[[ Extracted entries open ]]

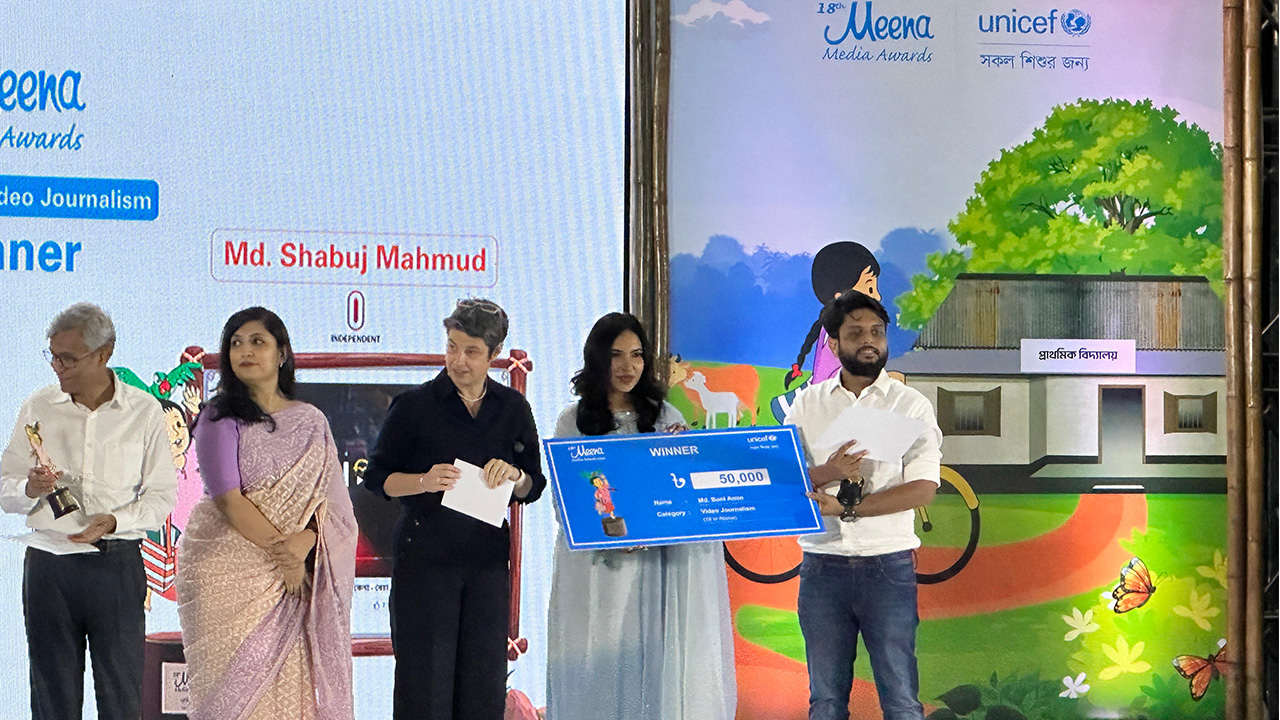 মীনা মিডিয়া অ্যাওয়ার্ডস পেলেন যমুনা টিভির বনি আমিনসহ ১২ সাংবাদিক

[[ Extracted entries closed ]]
[[ Extracted entries open ]]

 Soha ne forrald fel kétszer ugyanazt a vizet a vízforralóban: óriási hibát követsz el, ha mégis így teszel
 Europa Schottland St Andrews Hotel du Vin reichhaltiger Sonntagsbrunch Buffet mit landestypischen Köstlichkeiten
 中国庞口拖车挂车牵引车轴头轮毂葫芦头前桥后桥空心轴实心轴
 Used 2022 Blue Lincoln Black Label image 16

[[ Extracted entries closed ]]

- [What is expected] Out of the data above, transcribe exactly and only the lines starting with the line that has "Europa Schottland St" and going on through the line that has "Used 2022 Blue Lincoln Black Label image 16", both included.

- [Task solution]
 Europa Schottland St Andrews Hotel du Vin reichhaltiger Sonntagsbrunch Buffet mit landestypischen Köstlichkeiten
 中国庞口拖车挂车牵引车轴头轮毂葫芦头前桥后桥空心轴实心轴
 Used 2022 Blue Lincoln Black Label image 16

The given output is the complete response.